Proving the Business Case for the Internet of Things

Imprivata lets UK hospital monitor patients securely

Steve Rogerson
September 6, 2018

Leeds Teaching Hospitals NHS Trust in the UK is delivering fast, safe and secure access to patient monitoring devices and clinical applications with technology from Massachusetts-based Imprivata.
The installation, the first of type outside of the USA, lets clinicians and care givers log in securely and quickly to medical devices, improving overall care with real-time data.
The NHS trust has deployed Imprivata OneSign single sign-on, medical device access and authentication management platforms to deliver real-time patient data to inform clinical decisions and streamline system access without weakening secure practices.
The combined system lets clinicians securely access the Welch Allyn patient monitoring devices quickly and easily, ensuring that sensitive patient data are protected. The trust has piloted system within its busy renal unit and, as a result, has eliminated the manual recording of patient vital signs. The information is now securely recorded within the patient’s electronic health record and is available in real time to clinicians.
With renal patients, it is imperative that observations and vital signs are taken and recorded each time they are seen in clinic, as this information informs their care. The medical device access platform lets clinic nurses securely log in to Welch Allyn’s Connex spot monitor devices with a tap of their RFID badge. Using the attached reader, the nurse scans the patients bar code, securely accessing their records, and, once observations are taken, the information is logged into the patient’s electronic health record and can be accessed in real time by clinicians.

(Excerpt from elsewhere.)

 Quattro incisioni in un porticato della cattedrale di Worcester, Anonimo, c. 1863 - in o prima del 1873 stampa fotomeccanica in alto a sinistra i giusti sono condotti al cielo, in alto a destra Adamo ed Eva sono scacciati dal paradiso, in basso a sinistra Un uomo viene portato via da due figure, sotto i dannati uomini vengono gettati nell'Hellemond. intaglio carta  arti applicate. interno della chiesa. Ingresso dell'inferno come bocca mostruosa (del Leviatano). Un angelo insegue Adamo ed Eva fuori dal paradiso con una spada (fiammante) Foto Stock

The data are also immediately available to the regional multi-disciplined team who can remotely access the clinical data to proactively plan which patients need to be seen as part of their care pathway.

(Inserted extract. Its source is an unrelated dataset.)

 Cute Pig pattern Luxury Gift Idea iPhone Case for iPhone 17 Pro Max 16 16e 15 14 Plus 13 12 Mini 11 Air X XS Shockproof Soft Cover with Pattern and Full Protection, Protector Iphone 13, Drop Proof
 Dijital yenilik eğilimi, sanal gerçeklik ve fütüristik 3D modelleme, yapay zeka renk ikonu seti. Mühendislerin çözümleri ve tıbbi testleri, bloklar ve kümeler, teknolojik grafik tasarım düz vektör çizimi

“Imprivata has allowed us to spend the length of the clinic session with the patient discussing their pathway of care, secure in the knowledge that the data we are seeing are up to date, accurate and correctly attributed to the patient in front of us,” said Joanne Reischman, clinic sister at Leeds Teaching Hospitals NHS Trust.

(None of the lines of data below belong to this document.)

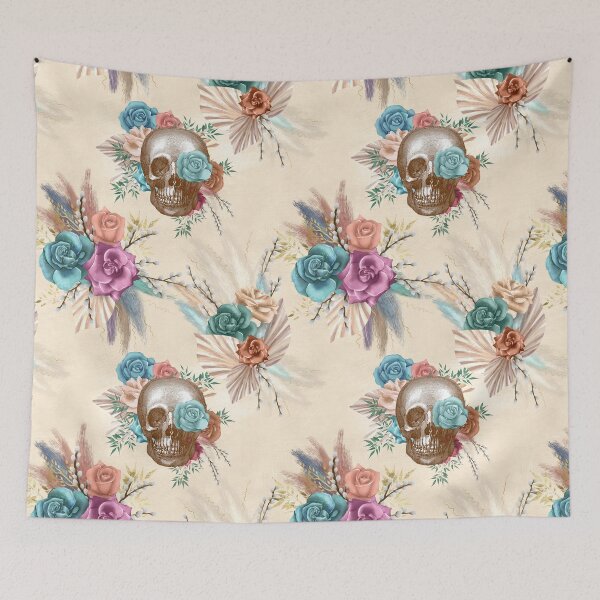 Item preview, Boho Skull with flowers pattern designed and sold by ZDreamers.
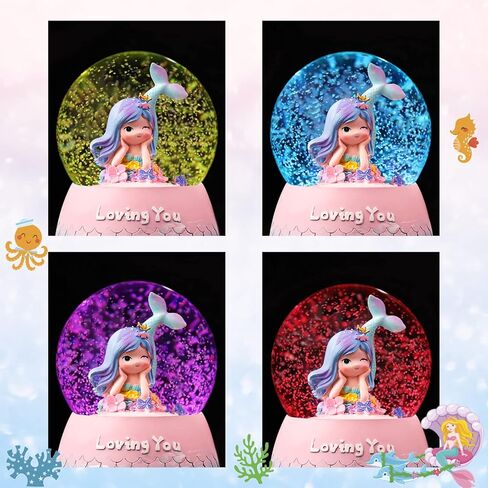 Mermaid Snow Globes for Kids,100MM Musical Snow Globes with LED Lights,Christmas Birthday Gift for Girls Age 8 9 10 11 12 in Kuwait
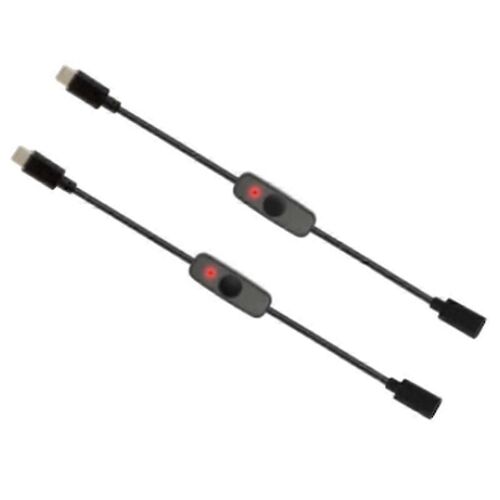 Interrupteur d'alimentation USB Type C avec voyant lumineux mâle à femelle USB-C Câble d'extension pour Raspberry Pi 4B 2Pcs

Previously, clinical staff would on average have to log into nine different applications per clinical session, per member of staff. As workstations were shared, this would often result in a backlog in recording data. With OneSign, clinicians have no-click access to clinical administrative applications, streamlining the process and positively impacting productivity.
“Imprivata has provided a single pane of glass for safe and secure authentication to both clinical and business applications for our staff,” said Andy Weissenborn, chief technology officer at Leeds Teaching Hospitals NHS Trust.
Access to real-time data has transformed the way clinicians are using systems. Clinical appointments are spent focusing on patient care, not grappling with technology. Armed with real-time data, clinicians are able to make informed decisions without delays, improving patient outcomes. The regional teams are able to access the system remotely and proactively plan next steps in the patients care plan.
The no-click access to systems using smart cards to tap in and out of applications has improved security, data governance and audit trails, ensuring only trusted users can gain access to networked medical devices. The scanning of a patient barcode ensures the correct patient record is accessed and updated in real time with vital sign information.
“The trust has been able to unlock the full potential of their medical devices and applications by ensuring a fast, efficient workflow for clinicians and care givers, while maintaining security and auditability,” said Adam Bangle, VP of international sales at Imprivata. “Technology should be an enabler in healthcare, not a barrier to the practice of medicine. Renal clinical staff are now able to access devices and applications swiftly with a tap of their badge, allowing their focus to be on the patient and not the IT system.”